On Christmas Day I alluded to the fact that there are 364 gifts in the song “The Twelve Days of Christmas”. Is there a way to prove this that doesn’t require adding everything up?

As a reminder, on day k of Christmas (k = 1, 2, …, 12) the singer receives 1 of gift 1, 2 of gift 2, …, k of gift k. Christmas has 12 days. (Gift 1 is “a partridge in a pear tree”, gift 2 is “turtle doves”, and so on up to gift 12 which is “drummers drumming”, but this is irrelevant.)

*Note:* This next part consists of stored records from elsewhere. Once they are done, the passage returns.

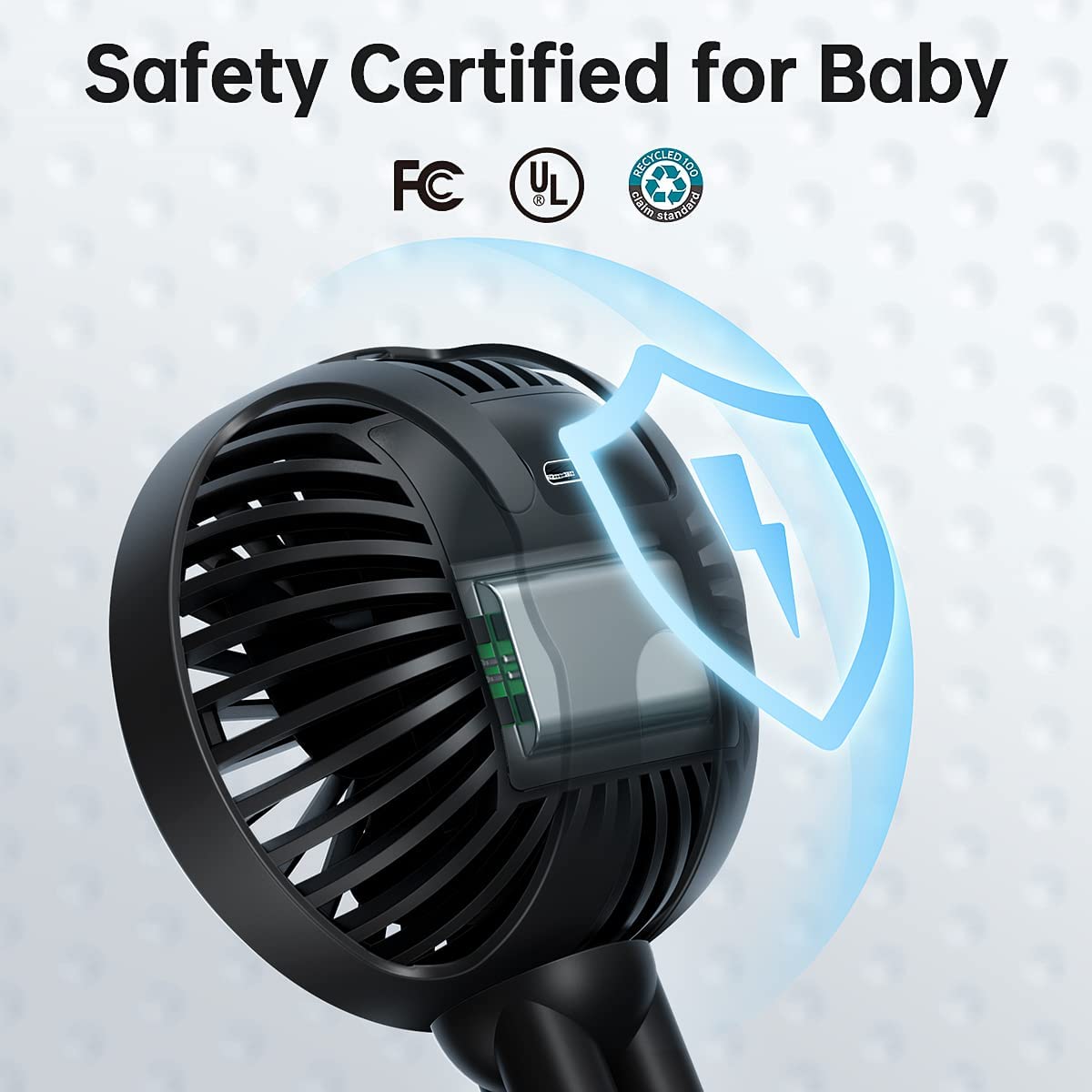 Stroller Fan with Flexible Tripod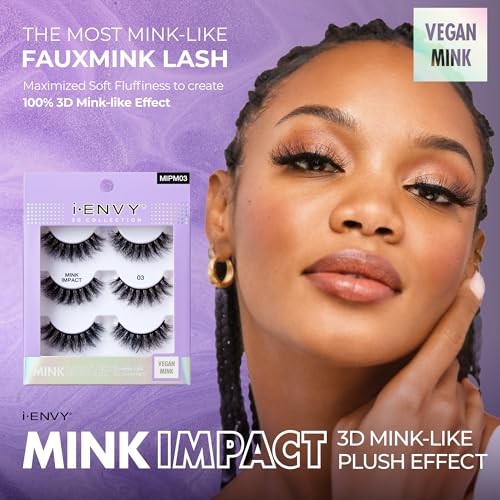 IEnvy 3-in-1 Lash Multipack 3D Mink-Like Vegan False Eyelashes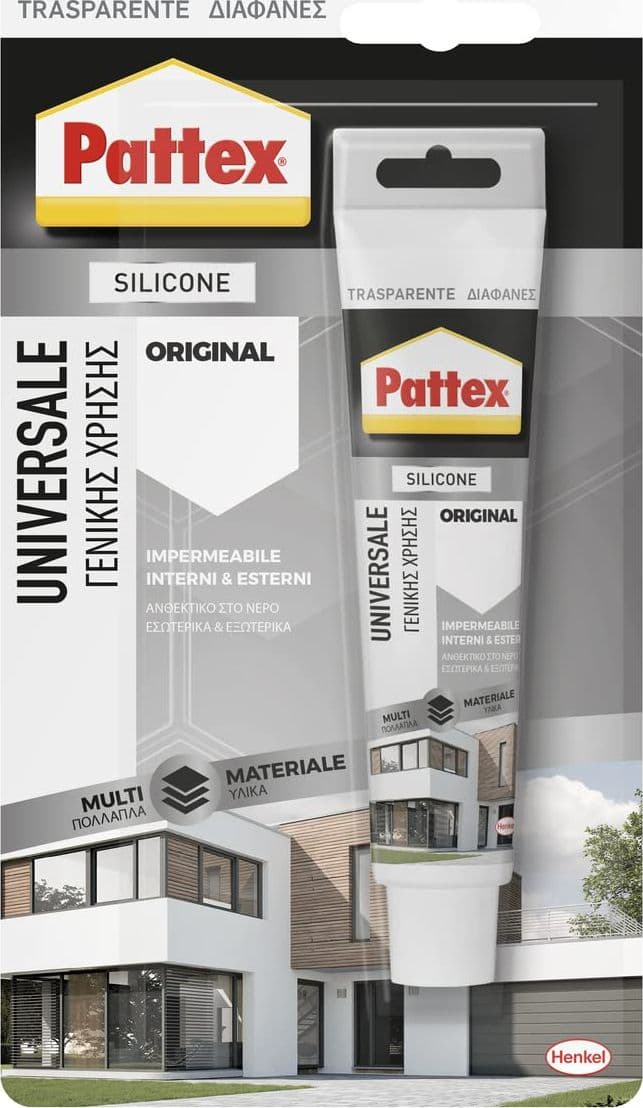 Silicone Pattex Universale Trasparente Blister Ml. 50 Henkel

So on day k there are total of $1 + 2 + \ldots + k$ gifts; this is $k(k+1)/2 = {k+1 \choose 2}$. The total number of gifts received is therefore

${2 \choose 2} + {3 \choose 2} + \cdots + {13 \choose 2}$

and by the hockey-stick identity (sometimes also called the Christmas stocking identity) this is ${14 \choose 3}$. The identity can be proven by induction, but I prefer a combinatorial proof. Consider the subsets of $\{1, 2, \ldots, 14\}$ of size 3 and group them according to their largest element. Then there are ${k \choose 2}$ sets whose largest element is $k+1$, for each of $k = 2, \ldots 13$.

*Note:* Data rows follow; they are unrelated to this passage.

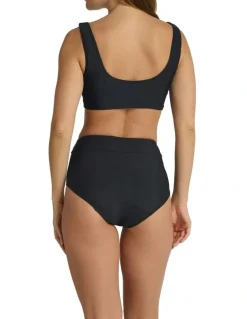 Modibodi Swimwear Period Hi-Waist Bikini Brief Light Absorbency in Black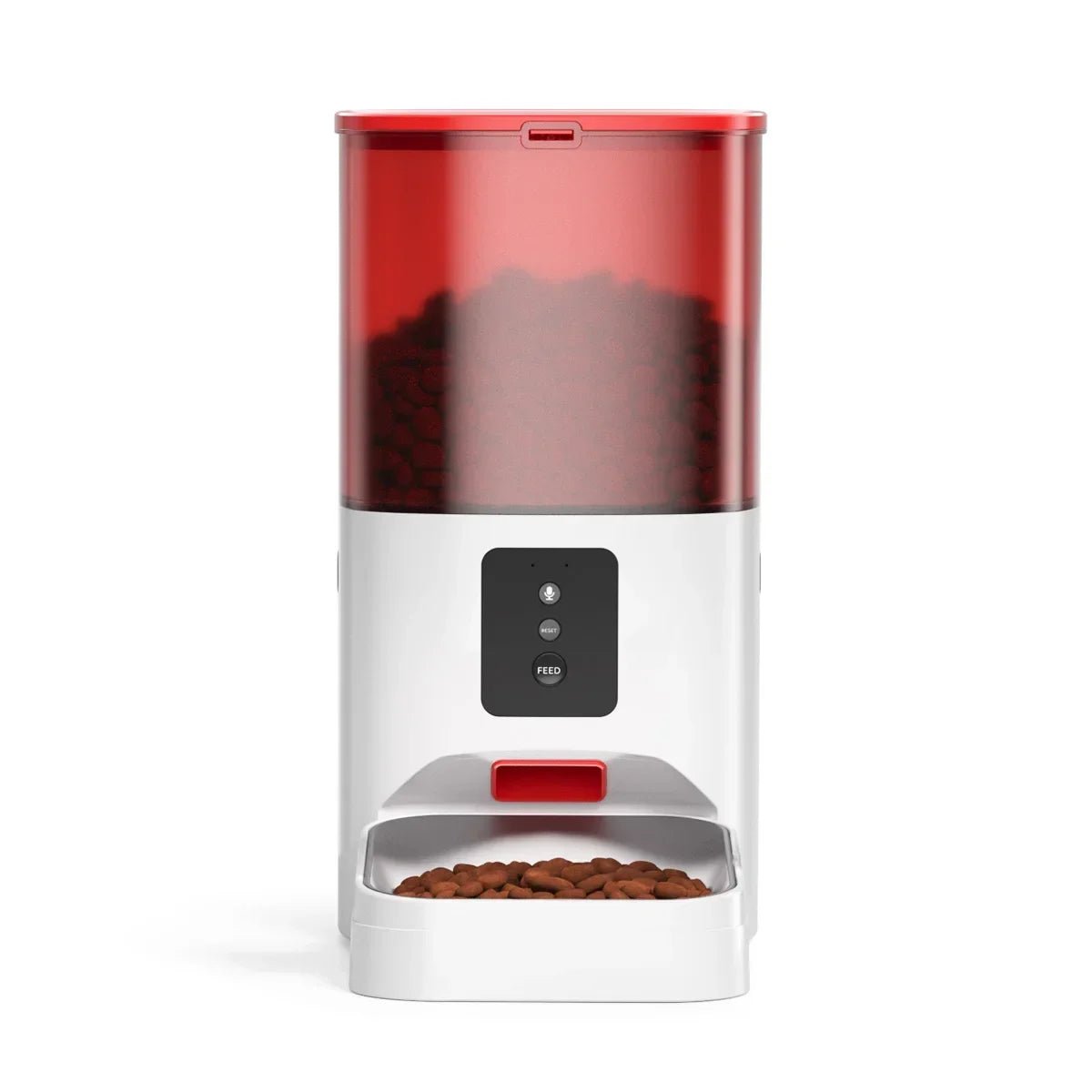 6L Capacity Intelligent Smart Pet Feeder Automatic Wifi APP Control Detachable Clean Voice Recording Pets Feeder Allinoneshop-24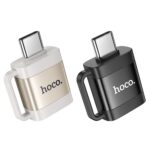 Adaptador OTG Hoco 3A UA31C USB-C para USB-A Cinza - Image 3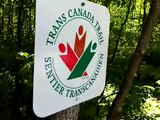 Trans Canada Trail in Ferris Provincial Park - Ontario Canada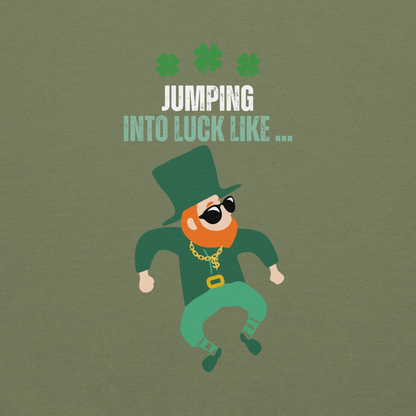 Jumping Into Luck | Dark Edition | Sweatshirt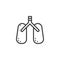 Lungs line icon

This suggests another identity – what if we group according to the middle element of the subset instead? For example, there are 5 × 8 = 40 3-subsets of [14] whose middle element is 6; each one has one element chosen from 1, 2, …, 5 and one element chosen from 7, 8, …, 14. More generally there are k(13-k) 3-subsets of [14] with middle element k. Thus we have

$1 \times 12 + 2 \times 11 + 3 \times 10 + \cdots + 12 \times 1 = {14 \choose 3}.$

In terms of the song, this is actually a natural way to count. $k(13-k)$ is the number of gifts of type k, since such gifts get given on the last $13-k$ days – there are 12 total partridges in pear trees, 2 &times; 11 = 22 total turtle doves, 3 &times; 10 = 30 total calling birds, and so on until we get back down to 12 drummers drumming. (The most frequent gifts? 42 swans and 42 geese. Maybe that was the question.)